Before voice-over-IP became the norm for enterprises, voice and data were separate fiefdoms within the world of enterprise ICT. Upstart start-ups like Cisco could have their enterprise data networks because the “Big boys” all wanted to play with Nortel voice technology. But as the network started to converge, the idea of single infrastructure supplied by a single vendor based on lower cost Ethernet and IP began bite into Nortel’s voice dominance.

As its share price started to ramp up in the late 1990, Nortel went shopping for companies to help it fight off the rise of the upstart data networking rivals.
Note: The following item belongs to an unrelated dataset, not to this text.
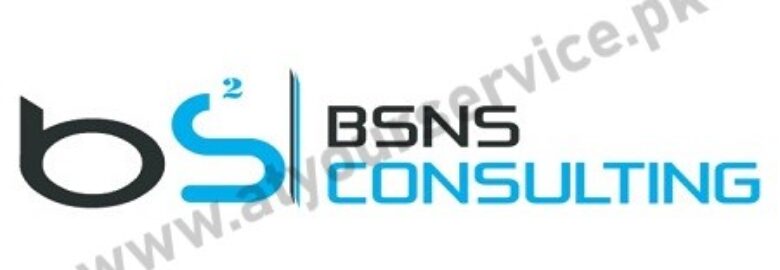 BSNS Consulting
The firm acquired the highly respected Bay Networks for around $9bn to prop up its data-centric portfolio. Unfortunately, like Nortel themselves, Bay Networks was again carrier-focused and not really in touch with the rising enterprise market that Cisco was quickly dominating. Other acquisitions like Alteon Websystems, a web traffic specialist, cost Nortel just shy of $8bn, also purchased in shares. Unfortunately, Alteon failed to deliver any long-term value as the product bogged down and rivals like F5 powered ahead in the confusion. Cheaper purchases like CRM technology vendor Clarify for a mere $2bn in shares turned into white elephants. In Clarify’s case, Nortel managed to offload it only two years later for $200m in cash.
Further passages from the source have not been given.